In 1907 Lee de Forest added a control grid, creating the triode. This allowed electron tubes to be used as amplifiers, making possible transmitters operating at much higher frequencies where antennas are more effective, and much more sensitive receivers, vastly extending the range of radio transmissions. It also allowed the use of the loud speaker, so more people could listen at one time.
About 1926 Dr. A. W. Hull added a screen grid, creating the tetrode. A few years later he added the suppressor making a pentode. These two additions made electron tubes much easier to use as high frequency amplifiers, and increased the gain and power available in low frequency amplifiers.
Electron tubes may be categorized in various ways, as by degree of evacuation, type of cathode, number of electrodes, number of units, or intended function, and by other means as well.
Diodes have two active electrodes, triodes have three, and tubes (e.g. photomultipliers ) with as many as twenty or even more electrodes exist.
Tubes may contain more than one useful unit within one evacuated chamber, as in twin triodes (12AX7), which contain two identical triodes, or dual diode + triode tubes (12AV6), which combine three units in a single envelope.
Tubes may be designed to be used as detectors, rectifiers, regulators, converters, radio frequency amplifiers, audio frequency amplifiers, power amplifiers, or for other special purposes. Early tubes were either diodes used as detectors or rectifiers, or general purpose triodes.
This document covers single unit, high vacuum, directly or indirectly via heater heated cathode tubes. Principles of operation of diodes and general purpose triodes used at low (audio) frequencies are presented. For simplicity and unity of exposition, all tubes are shown with directly heated (filamentary) cathodes, though the principles presented are also applicable to indirectly heated (unipotential) cathode tubes. Although more complex tubes like screen grid (tetrode), pentode, beam power, and converter tubes are not presented, the basic principles of these tubes are all the same, and the material presented is applicable, mutatis mutandis, to these more complex tubes, including multi unit tubes.
This document does not cover details of construction, nor highly specialized tubes like photomultipliers.
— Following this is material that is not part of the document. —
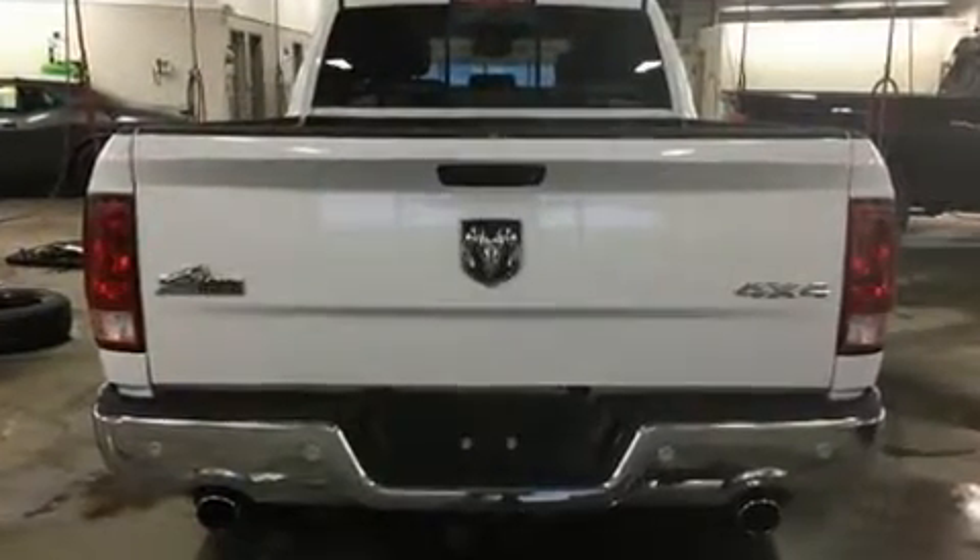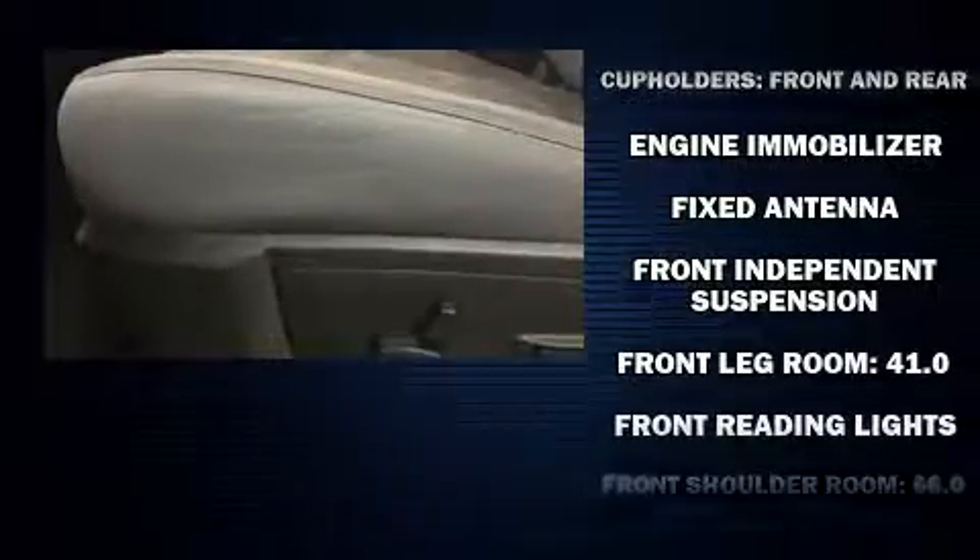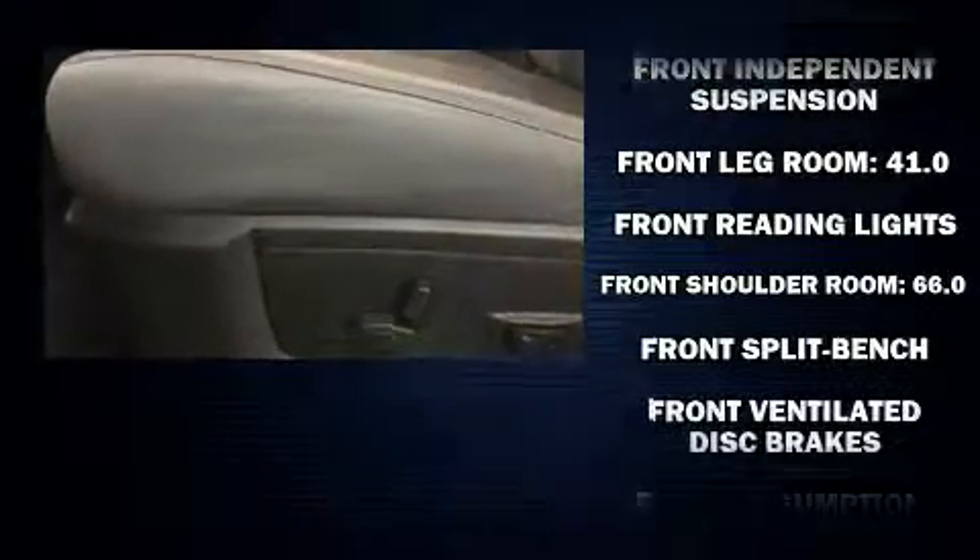It distinguishes itself from the competition with features such as one-touch window functionality, a rear-step bumper, heated door mirrors, and remote keyless entry.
Basic to the operation of the vacuum tube are the properties of electric charge. A question which immediately springs to the mind is "What exactly is electric charge?" Unfortunately, no one knows the answer to this question. However, although we do not know what electric charge is, we can observe what it does, and that is enough to get a basic understanding of how vacuum tubes work.
We are all familiar with the force of gravity, which holds us all to the surface of the earth. Every massive particle is subject to this force. We say that all massive particles, including the earth, are surrounded by gravitational fields as a way of saying that massive particles near each other experience a force, and if the particles are unconstrained, then they move along paths determined by the gravitational force between them.
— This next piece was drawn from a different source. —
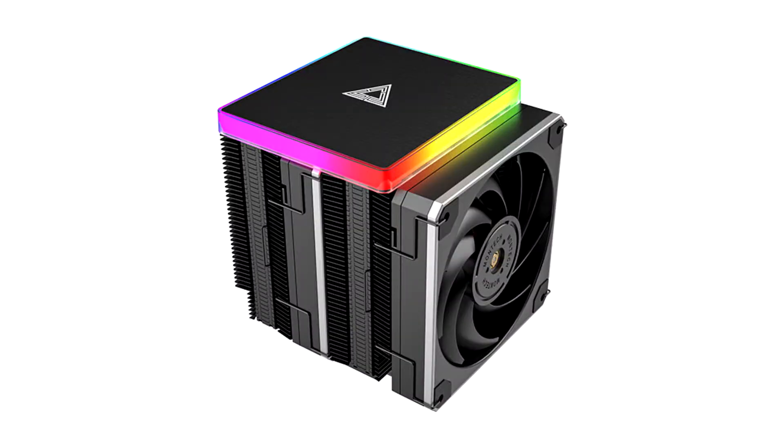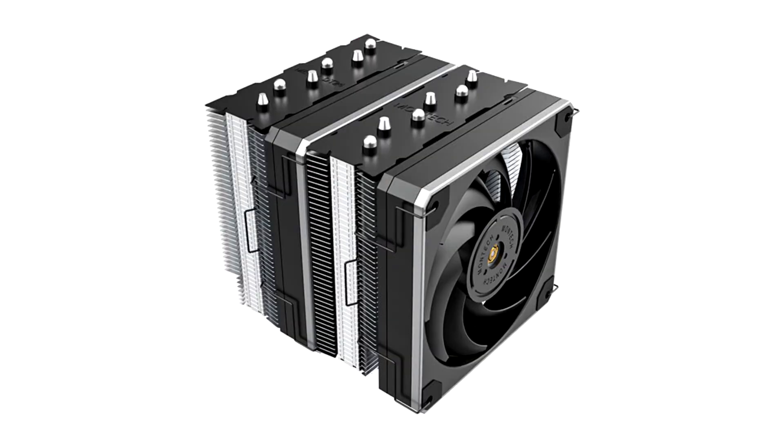Creative Technology today launched the Creative Pebble Pro, the popular Pebble Speaker Series' latest and best edition, which boasts a compelling mix of size-defying audio quality and minimalist elegance in form.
The electric force is similar to gravity, but not all particles are subject to this force. Those which are subject to the electric force we call "charged particles". By analogy with the gravitational force, we say that charged particles are surrounded by electric fields, and charged particles in the electric fields surrounding each other, if unconstrained, move along paths determined by the electric force between them.The properties of charged particles and electric fields when the charged particles are not free to move we call "Static Electricity". The motion of charged particles due to the influence of electric fields, by analogy with the flow of water and other fluids, we call "electric current", and the properties of charged particles and electric fields when some or all of the charged particles are free to move we call "Current Electricity".
Gravity is an example of a field. The earth has a gravitational field surrounding it. We symbolize the field by showing, via lines, the paths any particles subject to the force and free to move would follow. All massive objects have gravitational fields surrounding them, and all the forces are attractive.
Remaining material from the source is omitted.